L'attestation de Mme I...qui n'est pas contestée, relate qu'elle a hébergé Mme X... dans l'attente de la restitution de la maison, qu'elle a entendu M. X... dire " qu'il partirait à condition qu'Alicia lui donne la moitié du terrain d'AFA [pour] qu'il puisse construire lui-même sa propre maison ". Cet élément caractérise la résistance de M. X... à la demande, cependant Mme X... ne prouve pas un préjudice consécutif. Elle sera déboutée de sa demande de dommages et intérêts.
La demande de restitution du bien en présence d'un huissier de justice constitue l'accessoire et le complément de la demande d'expulsion. L'emprunteur est tenu, par application de l'article 1880 du code civil applicable à l'espèce, de veiller à la garde et la conservation de la chose, tant qu'il n'a pas remis les clefs, il reste tenu du paiement des indemnités d'occupation et des dégradations causées à la chose. Si le prêteur peut désigner un huissier de justice pour réaliser un état des lieux de sortie et récupérer les clefs, cette désignation ne peut être aux frais de l'emprunteur. En l'état, les frais d'exécution forcée, qui sont virtuels, ne peuvent pas être mis à la charge de M. X..., l'intimée sera déboutée de cette demande.

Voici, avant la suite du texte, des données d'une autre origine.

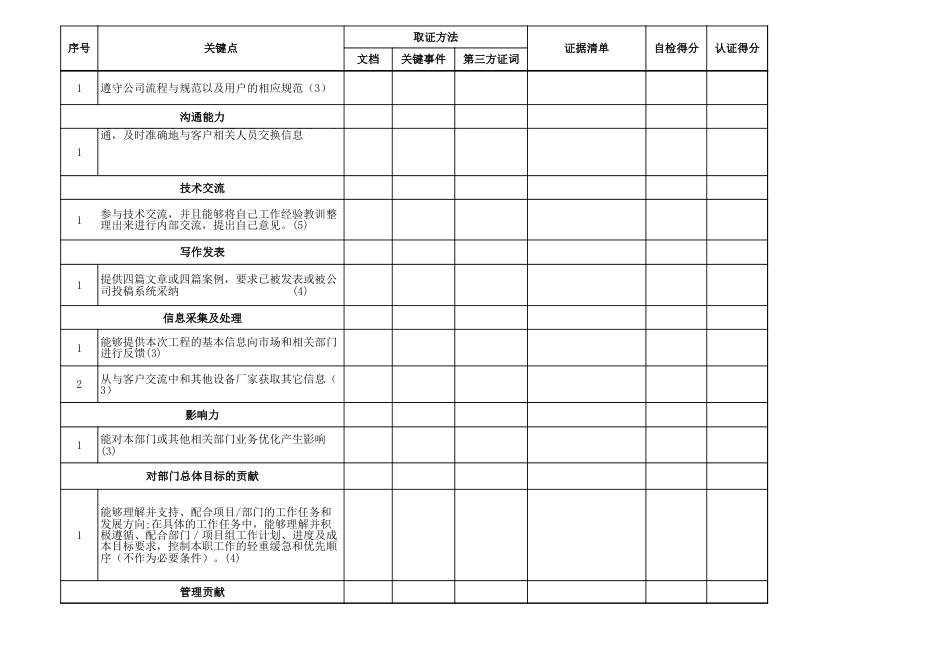 勘测2_第2页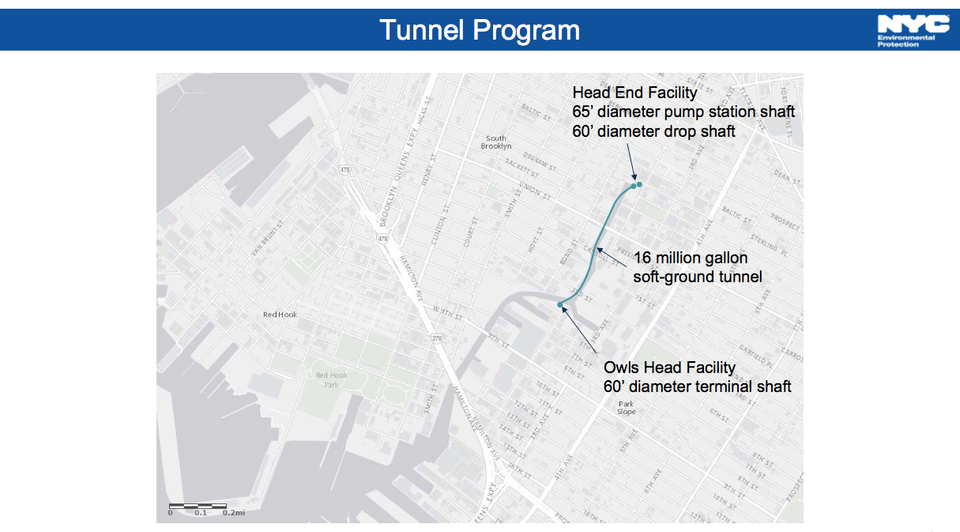 DEP Presents Tunnel Proposal To Gowanus Canal CAG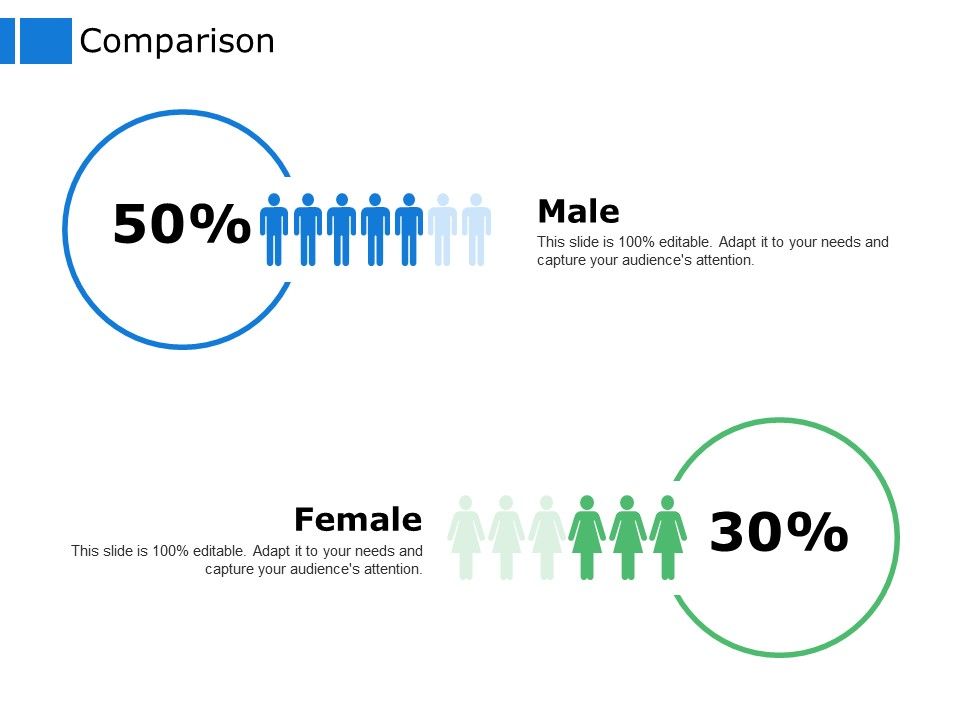 Comparison_Male_Female_Ppt_PowerPoint_Presentation_Ideas_Graphics_Tutorials_Slide_1.jpg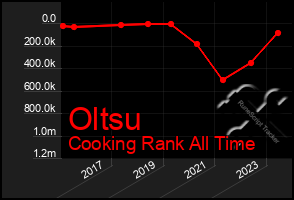 Total Graph of Oltsu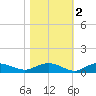 Back River Reservoir tide chart for Tuesday, November 2, 2021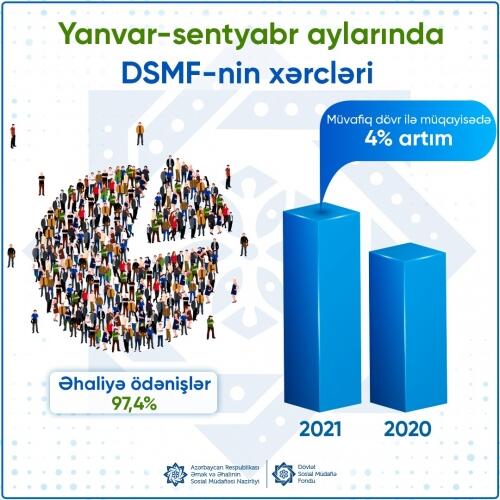 Yanvar-sentyabr aylarında DSMF-nin xərcləri ötən ilin müvafiq dövrü ilə müqayisədə 139,8 milyon manat artıb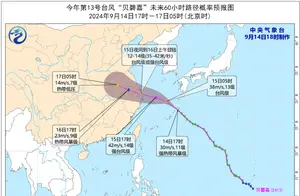 台风橙色预警来袭！上海天气突变，你准备好了吗？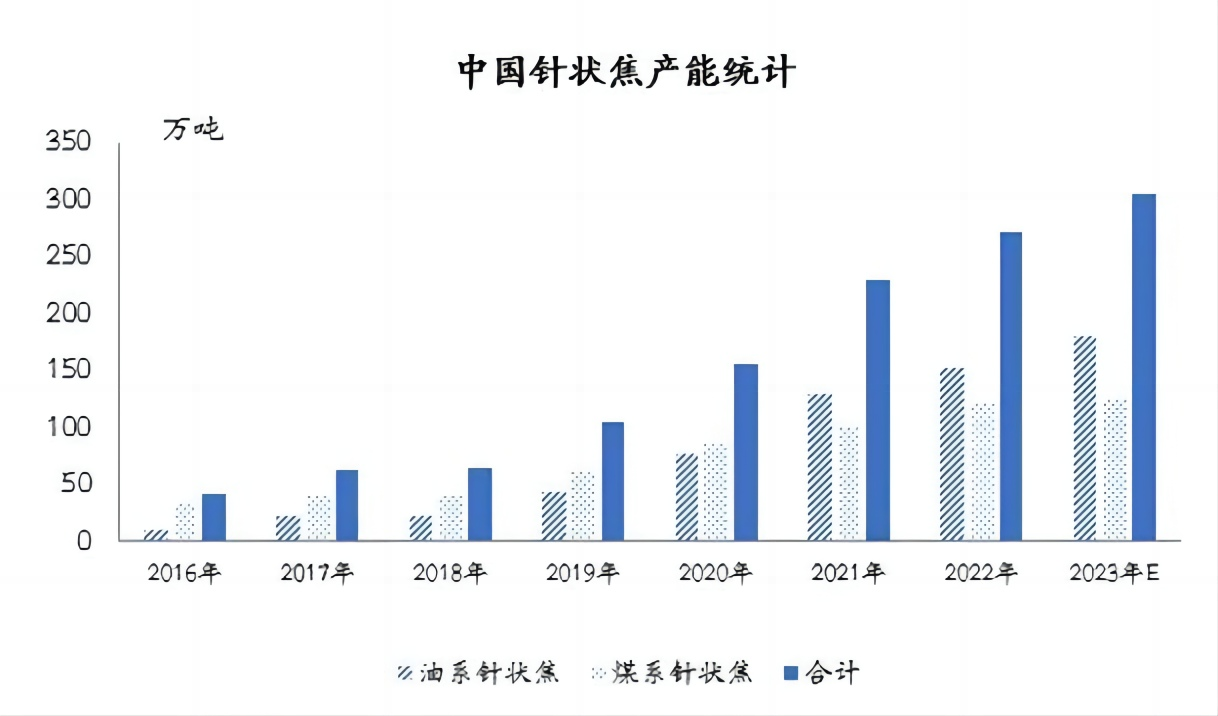 中国针状焦产能统计.png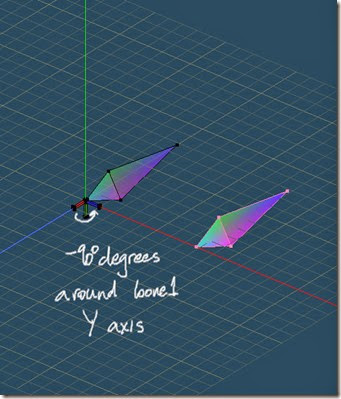 Rotate -90 degrees around bone1 Y axis Rotate -90 degrees around bone1 Y axis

M. X... qui succombe sera condamné au paiement des dépens d'appel et d'une somme de 1. 500 euros au titre de l'article 700 du code de procédure civile.
PAR CES MOTIFS,
LA COUR :
- Confirme le jugement du tribunal d'instance d'Ajaccio du 16 mai 2014, en toutes ses dispositions,
Y ajoutant,
- Déboute M. Thierry X... de ses demandes,
- Déboute Mme Alicia X... du surplus de ses demandes,
- Condamne M. X... au paiement des dépens d'appel,
- Condamne M. Thierry X... à payer à Mme Alicia X... une somme de mille cinq cents euros (1. 500 euros) au titre de l'article 700 du code de procédure civile.